Azure products were made to mesh together quite well, but WordPress integration isn’t much more work. This article will provide a brief overview of how I scraped web data into Azure and then surfaced that data via WordPress during some learning and experimentation.

The high-level architecture is as follows:

  1. The data was crawled using timed Logic App requests to pull the website/data source
  2. The Logic App parses and pushes this data into Azure Table Storage
  3. WordPress queries the Azure Table Storage via Azure Storage Table PHP Client Library
  4. The data is then charted via a custom page using free JavaScript charting software

Important: This is a quick and dirty experiment for learning purposes. architecture may vary for your scenario and the code displayed here is not necessarily optimal. There are many approaches, one possible one would be to leverage Azure Time Series Insights for example.

Identifying Data Sources

The very first order of business is to identify what data you wish to collect. Where does it reside? How is the data structured? Is it in a predictable location?

In my example, I looked at several local hospitals in which each had an emergency room wait time webpage open to the public. Wanting to aggregate this data I dug to see the root source of this data.

Core data can often be found within the web page HTML or by viewing underlying calls by existing logic.

I found a call from a back-end source that provided all the information I needed via a JSON file. This made it simple. Keep in mind that HTML data is also workable, provided it is consistent with where the data resides within the DOM.

Identify your source data URLs and where, in the response, you want to parse values from.

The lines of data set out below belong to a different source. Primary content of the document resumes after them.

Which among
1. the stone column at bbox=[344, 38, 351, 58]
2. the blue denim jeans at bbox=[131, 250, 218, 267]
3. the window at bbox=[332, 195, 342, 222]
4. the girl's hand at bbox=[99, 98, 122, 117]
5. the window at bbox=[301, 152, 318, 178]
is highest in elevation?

This will be used in the next section.

Creating Data Store

An Azure Storage V2 account is spun up so that I can leverage table storage, this is a lightweight service for storing NoSQL data. There is no need for relational data and it’s helpful to have a schemaless design in case we want to expand on this data.

When working with table storage, it’s helpful to get familiar with partitioning strategies to scale your data. In this case, I opt for the following design:

  • PartitionKey: Unique ID of the source data (in my case, the hospital)
  • RowKey: Time-based key based on the “lastUpdate” property to help ensure that no duplication of data would exist.
  • MinutesWait: I wanted to capture the wait time at the last refresh from their underlying service

Below shows the table populated with data after crawling, which is discussed below:

Note: A Shared Access Signature was created. This is what can be used to authorize WordPress to connect to this data.

Crawling Data

Logic apps are great for creating quick, no-code automated workflows and integrate seamlessly with storage services such as Azure Table Storage so I opted for this route.

Crawling the data in its simplest form takes very little:

  1. An HTTP request to the URL to get the data. There is an option to set how often to query the data here.
  2. A parse activity to grab what is needed. For HTML this is doable by swapping this step for something such as a “Set variable” action and using string functions to parse the value out. This can be tricky without RegEx but it’s possible! Otherwise, you may look into creating an Azure Function, then use that for more advanced parsing.
  3. Insert the entity to the Azure Table Storage
The HTTP request is a simple URL request which can be set to repeat at specified intervals. If you are dealing with JSON simply paste the response JSON during the identify phase and it should create a schema allowing for easy value referencing.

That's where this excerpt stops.